>>

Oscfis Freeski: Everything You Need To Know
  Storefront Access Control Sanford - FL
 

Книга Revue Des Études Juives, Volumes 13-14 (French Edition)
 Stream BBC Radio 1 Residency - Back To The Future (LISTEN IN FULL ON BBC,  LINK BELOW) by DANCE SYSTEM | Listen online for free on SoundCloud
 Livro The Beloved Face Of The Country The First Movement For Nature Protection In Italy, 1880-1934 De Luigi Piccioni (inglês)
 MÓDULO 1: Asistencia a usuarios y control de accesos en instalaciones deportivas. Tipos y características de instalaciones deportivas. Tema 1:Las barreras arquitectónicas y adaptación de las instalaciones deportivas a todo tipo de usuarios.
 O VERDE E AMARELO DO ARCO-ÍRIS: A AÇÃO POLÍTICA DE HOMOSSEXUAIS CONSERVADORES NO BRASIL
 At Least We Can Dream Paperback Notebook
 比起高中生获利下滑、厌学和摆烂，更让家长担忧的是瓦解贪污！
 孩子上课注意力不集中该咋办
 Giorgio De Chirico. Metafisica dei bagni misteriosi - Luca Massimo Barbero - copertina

<<

Your assignment:
Write each record out again exactly.

Output for this exercise:
Oscfis Freeski: Everything You Need To Know
  Storefront Access Control Sanford - FL
 

Книга Revue Des Études Juives, Volumes 13-14 (French Edition)
 Stream BBC Radio 1 Residency - Back To The Future (LISTEN IN FULL ON BBC,  LINK BELOW) by DANCE SYSTEM | Listen online for free on SoundCloud
 Livro The Beloved Face Of The Country The First Movement For Nature Protection In Italy, 1880-1934 De Luigi Piccioni (inglês)
 MÓDULO 1: Asistencia a usuarios y control de accesos en instalaciones deportivas. Tipos y características de instalaciones deportivas. Tema 1:Las barreras arquitectónicas y adaptación de las instalaciones deportivas a todo tipo de usuarios.
 O VERDE E AMARELO DO ARCO-ÍRIS: A AÇÃO POLÍTICA DE HOMOSSEXUAIS CONSERVADORES NO BRASIL
 At Least We Can Dream Paperback Notebook
 比起高中生获利下滑、厌学和摆烂，更让家长担忧的是瓦解贪污！
 孩子上课注意力不集中该咋办
 Giorgio De Chirico. Metafisica dei bagni misteriosi - Luca Massimo Barbero - copertina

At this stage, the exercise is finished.